Report: U.S. Visits to Europe Increase

Trans-Atlantic has released its latest statistics on travel to Europe, and the results are a decidedly mixed bag.

Overall trans-Atlantic traffic dropped in April by an average 0.7 percent on the leading carriers, a return to the pattern of low growth over the past six months (with the exception of March’s 5.8 percent increase). Reduced capacity continued to be a factor; it was –3.7 percent in April, pushing the average load factor up to 84.1.

Visits by Americans to Europe increased a solid 6.5 percent in March, according to the latest figures from the U.S. Department of Commerce, in what the company calls "a more accurate measure of U.S. traffic trends for the first half [of 2012] than February’s +19 [percent]." The later figure was inflated by the extra day in February and by comparison to a very low total in February 2011.
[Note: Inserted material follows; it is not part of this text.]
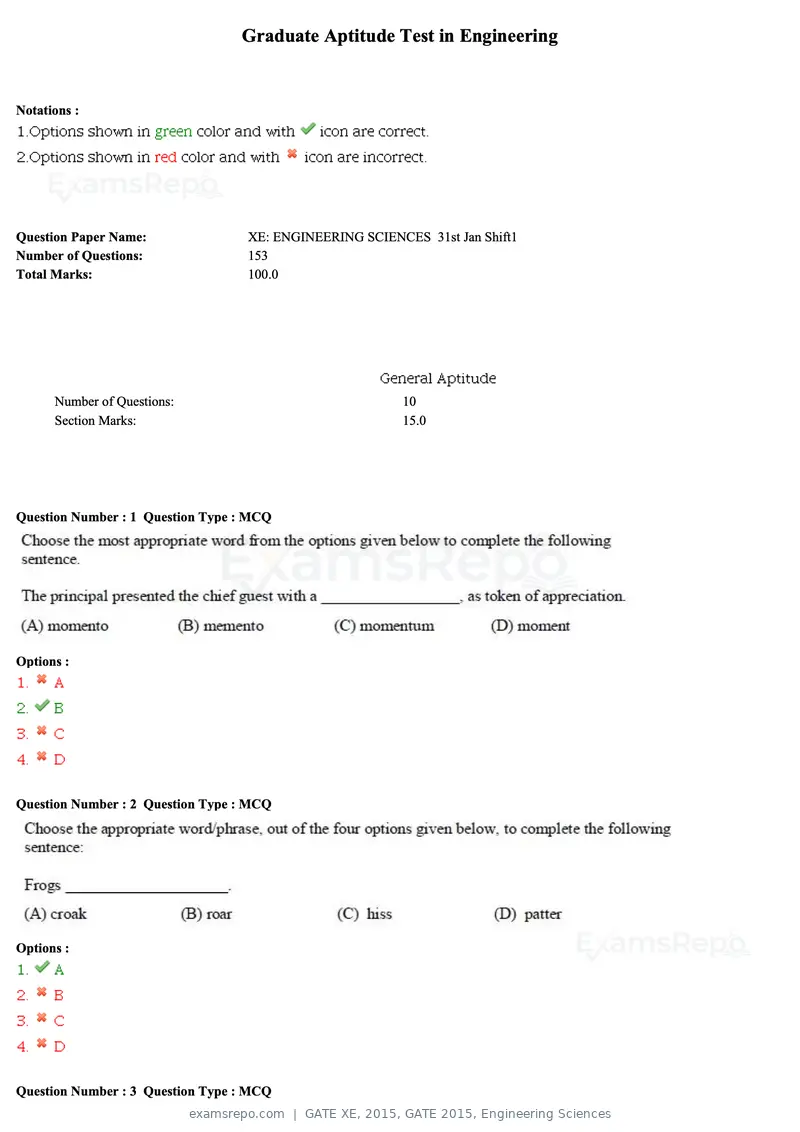 GATE XE 2015 question paper, GATE 2015, Engineering Sciences, page 1 of 50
Many eyes are on Greece as the country prepares for its second election in June that might bring an anti-austerity coalition to power. Greece’s bankruptcy and departure from the eurozone suddenly seems possible, and supporters of austerity policies are struggling elsewhere in Europe: Nicolas Sarkozy became the first French president to lose re-election in 30 years; Britain’s coalition government lost 823 seats in local elections; Angela Merkel’s CDU was punished by voters in Schleswig-Holstein and North Rhine-Westphalia. Results were less clear-cut in Italy’s regional and city elections.